第七章 天下第一金陵崖
這時,過午不久,一個風際絕世的白衣少年緩緩馳行在官道之上,那份儀态氣質,無論任何男女見了,都會心折,如若不是臉上那層濃濃的霜氣,一副拒人于千裏之外的模樣,上前搭讪之人定會不少。
此人正是禦劍風!這是張峰失蹤後的第二天正午,由于禦劍風身無分文,這一天來,禦劍風沒有進食半點食,水,嘴唇顯得有些幹裂。
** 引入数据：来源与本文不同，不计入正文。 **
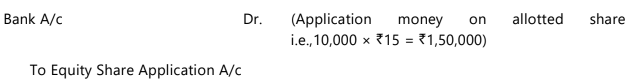 Unit 2: Issue, Forfeiture and Re-Issue of Shares Chapter Notes | Accounting for CA Foundation
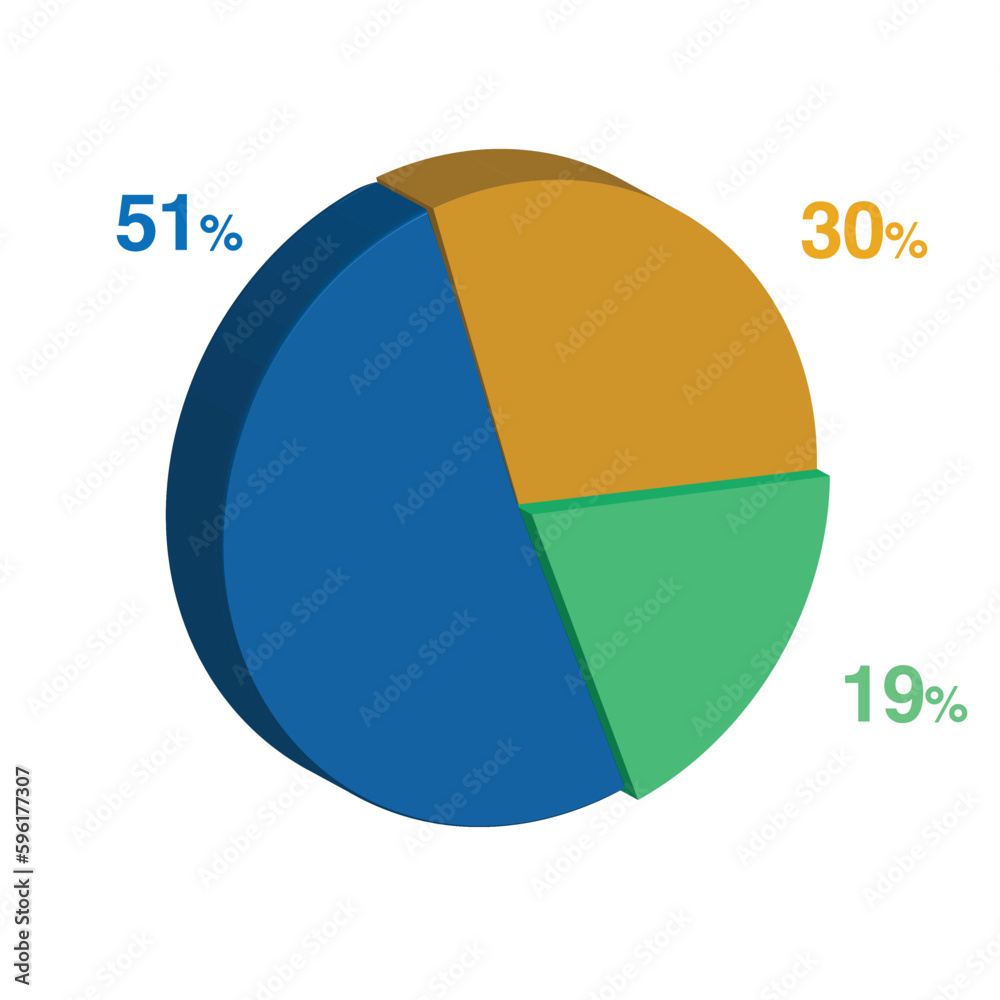 19 51 30 percent 3d Isometric 3 part pie chart diagram for business ...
但冷傲的他,不屑向路人乞讨,他甯願從地上撿食物,也不願去看别人的臉色。
由于禦劍風一臉的寒霜,想要問路也問不出來,來往的行人看到禦劍風就躲得遠遠的,這幅場景讓禦劍風想起了禦文博,十年前,二人進城的時候,路人亦是如此。
“金陵崖怎麽走?”禦劍風快步走向一人,出聲道。
“不知道不知道”這次很是不耐煩,閃過身走去。
“金陵崖怎麽走?”
“不……不知道……”
“金陵崖怎麽走?”
“什麽金陵崖?沒聽過”
“………”
各式各樣的人都有,但結果是不變的,禦劍風沒有從一人嘴裏得出金陵崖的方向。
隔天晌午十分,禦劍風已經是饑渴難忍,坐在了一處石頭上歇息。
蓦在此刻,一個白色的東西落在了禦劍風的腳下,竟然是一個熱騰騰的饅頭。
“吃吧”
一個淡淡的聲音響起。
禦劍風緩緩的擡起頭,面前是一個六旬老人,衣衫簡陋,仔細一看竟是一個老叫花。
“我不是乞丐”
禦劍風低下頭去,淡然道。
“我看你嘴唇幹裂,面目蒼白,已有兩三天未曾進食,不管是不是乞丐,先吃了再說,諾,喝點水”說着拿出了一個黑兮兮的水袋,遞給了禦劍風。
禦劍風猶豫了片刻,最終接過了水袋,一飲而盡。
就要俯身撿地上的饅頭時,老叫花小聲道“穿成這樣還不是乞丐?”
禦劍風看了看身上的衣衫,原本白白淨淨的衣衫,現在已經逐漸呈灰黑色,看上去的确有些乞丐之風。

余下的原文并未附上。